### Records provided
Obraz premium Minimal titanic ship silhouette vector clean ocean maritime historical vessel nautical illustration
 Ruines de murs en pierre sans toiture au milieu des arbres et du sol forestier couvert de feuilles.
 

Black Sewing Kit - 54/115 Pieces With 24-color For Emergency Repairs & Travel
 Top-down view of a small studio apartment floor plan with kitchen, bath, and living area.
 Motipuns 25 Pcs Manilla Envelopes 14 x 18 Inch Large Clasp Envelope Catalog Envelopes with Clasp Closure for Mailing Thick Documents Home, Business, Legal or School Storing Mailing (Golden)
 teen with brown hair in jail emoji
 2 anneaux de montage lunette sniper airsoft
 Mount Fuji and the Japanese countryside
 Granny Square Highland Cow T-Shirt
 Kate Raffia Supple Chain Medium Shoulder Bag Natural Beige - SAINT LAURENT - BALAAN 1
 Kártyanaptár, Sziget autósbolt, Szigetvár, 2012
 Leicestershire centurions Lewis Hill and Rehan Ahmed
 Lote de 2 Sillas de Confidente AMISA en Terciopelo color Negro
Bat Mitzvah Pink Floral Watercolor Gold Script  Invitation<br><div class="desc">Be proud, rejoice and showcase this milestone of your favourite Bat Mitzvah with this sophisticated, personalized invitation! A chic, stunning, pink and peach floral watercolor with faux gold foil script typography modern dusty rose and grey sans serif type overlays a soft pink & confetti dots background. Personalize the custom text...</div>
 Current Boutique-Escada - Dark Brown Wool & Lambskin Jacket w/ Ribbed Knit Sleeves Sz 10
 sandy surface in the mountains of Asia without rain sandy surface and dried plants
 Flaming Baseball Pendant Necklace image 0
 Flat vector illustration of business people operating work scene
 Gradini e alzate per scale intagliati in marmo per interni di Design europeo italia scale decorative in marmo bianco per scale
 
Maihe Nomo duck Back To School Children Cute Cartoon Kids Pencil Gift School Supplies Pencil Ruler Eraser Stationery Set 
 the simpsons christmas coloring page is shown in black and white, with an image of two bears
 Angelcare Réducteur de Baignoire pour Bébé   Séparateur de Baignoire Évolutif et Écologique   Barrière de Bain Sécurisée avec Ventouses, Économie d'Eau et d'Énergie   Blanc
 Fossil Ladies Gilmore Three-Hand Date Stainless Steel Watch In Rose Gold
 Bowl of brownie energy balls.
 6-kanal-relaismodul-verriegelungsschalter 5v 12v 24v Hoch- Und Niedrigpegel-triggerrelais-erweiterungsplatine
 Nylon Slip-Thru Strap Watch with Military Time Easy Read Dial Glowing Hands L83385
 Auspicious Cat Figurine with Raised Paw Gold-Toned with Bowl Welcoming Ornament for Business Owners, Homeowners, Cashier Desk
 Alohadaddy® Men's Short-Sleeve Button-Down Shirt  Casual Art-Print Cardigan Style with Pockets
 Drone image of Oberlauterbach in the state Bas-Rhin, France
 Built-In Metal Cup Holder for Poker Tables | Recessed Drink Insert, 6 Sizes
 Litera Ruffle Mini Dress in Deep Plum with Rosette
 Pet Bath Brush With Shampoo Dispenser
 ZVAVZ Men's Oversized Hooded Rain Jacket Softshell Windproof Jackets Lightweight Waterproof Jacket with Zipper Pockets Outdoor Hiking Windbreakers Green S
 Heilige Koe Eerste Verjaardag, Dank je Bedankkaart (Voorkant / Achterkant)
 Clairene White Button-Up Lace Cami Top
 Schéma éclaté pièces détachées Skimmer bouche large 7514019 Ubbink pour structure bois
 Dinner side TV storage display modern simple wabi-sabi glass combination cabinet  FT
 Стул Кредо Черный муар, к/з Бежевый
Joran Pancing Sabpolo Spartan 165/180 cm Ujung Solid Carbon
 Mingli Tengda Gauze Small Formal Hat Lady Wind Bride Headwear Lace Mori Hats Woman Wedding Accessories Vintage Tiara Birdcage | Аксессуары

### Assignment
Isolate the lines above that contain the word "Jacket" and copy them.

### Answer for the task
 Current Boutique-Escada - Dark Brown Wool & Lambskin Jacket w/ Ribbed Knit Sleeves Sz 10
 ZVAVZ Men's Oversized Hooded Rain Jacket Softshell Windproof Jackets Lightweight Waterproof Jacket with Zipper Pockets Outdoor Hiking Windbreakers Green S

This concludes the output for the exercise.